### Exercise instructions
Repeat the entire listing below exactly.

### Entries supplied
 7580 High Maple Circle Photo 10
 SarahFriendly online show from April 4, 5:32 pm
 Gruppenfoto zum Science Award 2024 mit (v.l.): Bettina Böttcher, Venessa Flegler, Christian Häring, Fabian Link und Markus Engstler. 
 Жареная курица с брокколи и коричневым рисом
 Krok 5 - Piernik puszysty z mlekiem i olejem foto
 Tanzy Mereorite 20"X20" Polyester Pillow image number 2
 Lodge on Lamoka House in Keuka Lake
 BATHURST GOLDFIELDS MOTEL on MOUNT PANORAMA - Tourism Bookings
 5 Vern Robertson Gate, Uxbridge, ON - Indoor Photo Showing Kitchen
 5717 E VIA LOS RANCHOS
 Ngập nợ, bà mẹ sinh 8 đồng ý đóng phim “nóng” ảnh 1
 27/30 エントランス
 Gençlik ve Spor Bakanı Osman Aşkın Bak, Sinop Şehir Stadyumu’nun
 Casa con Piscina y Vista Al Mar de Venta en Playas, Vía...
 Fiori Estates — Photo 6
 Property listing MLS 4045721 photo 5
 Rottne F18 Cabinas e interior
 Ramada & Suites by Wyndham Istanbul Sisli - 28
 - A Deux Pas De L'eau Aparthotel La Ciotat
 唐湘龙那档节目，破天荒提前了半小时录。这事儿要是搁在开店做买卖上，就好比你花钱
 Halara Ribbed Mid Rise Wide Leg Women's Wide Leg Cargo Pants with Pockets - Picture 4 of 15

### Response
 7580 High Maple Circle Photo 10
 SarahFriendly online show from April 4, 5:32 pm
 Gruppenfoto zum Science Award 2024 mit (v.l.): Bettina Böttcher, Venessa Flegler, Christian Häring, Fabian Link und Markus Engstler. 
 Жареная курица с брокколи и коричневым рисом
 Krok 5 - Piernik puszysty z mlekiem i olejem foto
 Tanzy Mereorite 20"X20" Polyester Pillow image number 2
 Lodge on Lamoka House in Keuka Lake
 BATHURST GOLDFIELDS MOTEL on MOUNT PANORAMA - Tourism Bookings
 5 Vern Robertson Gate, Uxbridge, ON - Indoor Photo Showing Kitchen
 5717 E VIA LOS RANCHOS
 Ngập nợ, bà mẹ sinh 8 đồng ý đóng phim “nóng” ảnh 1
 27/30 エントランス
 Gençlik ve Spor Bakanı Osman Aşkın Bak, Sinop Şehir Stadyumu’nun
 Casa con Piscina y Vista Al Mar de Venta en Playas, Vía...
 Fiori Estates — Photo 6
 Property listing MLS 4045721 photo 5
 Rottne F18 Cabinas e interior
 Ramada & Suites by Wyndham Istanbul Sisli - 28
 - A Deux Pas De L'eau Aparthotel La Ciotat
 唐湘龙那档节目，破天荒提前了半小时录。这事儿要是搁在开店做买卖上，就好比你花钱
 Halara Ribbed Mid Rise Wide Leg Women's Wide Leg Cargo Pants with Pockets - Picture 4 of 15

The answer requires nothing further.